# How active are your 4-5 week old babies?



## shadowmouse (Sep 17, 2010)

Just curious about my new babies... I'm wondering how active they should be at this age? Also, what's up with their ears? Sometimes they are kind of scrunchy/flipped and sometimes they stand up all straight and perfect. Is that just from sleeping in a pile?


----------



## The secret garden (May 13, 2010)

4-5 week old babies should be running around investigating, eating everything in site. They are fully weaned and should be sexed. I know what you mean about the ears and i think its sleeping in a pile, they are different all the time. Once they get to 4-5weeks they normally have straighened out tho


----------



## shadowmouse (Sep 17, 2010)

Mine do investigate and eat a lot, but mainly at night. I would say they are up for about 10% of the day and sleep the rest of the time. When the sun goes down, though, they are up and at 'em. I was just curious because I thought I'd heard somewhere that mice were awake both during the day and at night. Mine seem more nocturnal than I had thought they'd be.


----------



## Jack Garcia (Oct 9, 2009)

They're crepuscular, which means active at dawn and dusk, although they have some "middle periods" in the dead of the night, too (if I go into my mouse room at 3:00 lots of mice are usually awake).


----------



## Rhasputin (Feb 21, 2010)

Never thought you'd use the word crepuscular twice in one hour, 'eh Jack? :lol:


----------



## The secret garden (May 13, 2010)

6pm mine are going mental as they know im about to feed them lol, but as jack says if i go out there early morning they are busy bee's. during the day 10am - 5pm they sleep, if they are mice you keep in the house they will be more active because of the noise around them


----------



## WillowDragon (Jan 7, 2009)

I generally feed and clean out between 9pm and 12am


----------



## moustress (Sep 25, 2009)

Feeding starts at around 10:30pm; I am usually up there at 10:00 preparing food and other materials, and they are rioting as soon as the lights go on. My meeces get no natural light at all during the winter, since their little room is a closet and I keep the door closed so I don't have to heat the whole space.
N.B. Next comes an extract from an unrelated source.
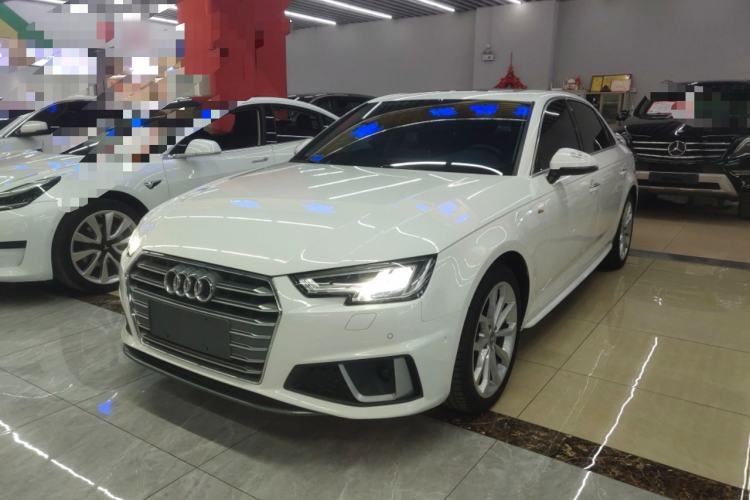 Used Audi A4L 2019 40 TFSI Fashion Version China V Guazi used car, China used car export, Used car for sale, Used cars, Cheapest cars for sale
My 4 and 4 week old babies are climbing everything in sight, including my arm and the underside of their screen tops. I have little ones hitchhiking on waterbottles too, when I try to remove them for watering or changing. They get very intertested in the outside of the cage at that age...and are LOTS 'o fun trying to catch when they manage to effect an escape.


----------



## shadowmouse (Sep 17, 2010)

Mine are not THAT active. They are curious, but they haven't gotten onto the lid at all. They stay down on the floor mostly. They eat, drink and sleep. I am supplementing them with kitten replacement right now. I noticed their little bellies weren't as big as they were when they came, so it worried me.


----------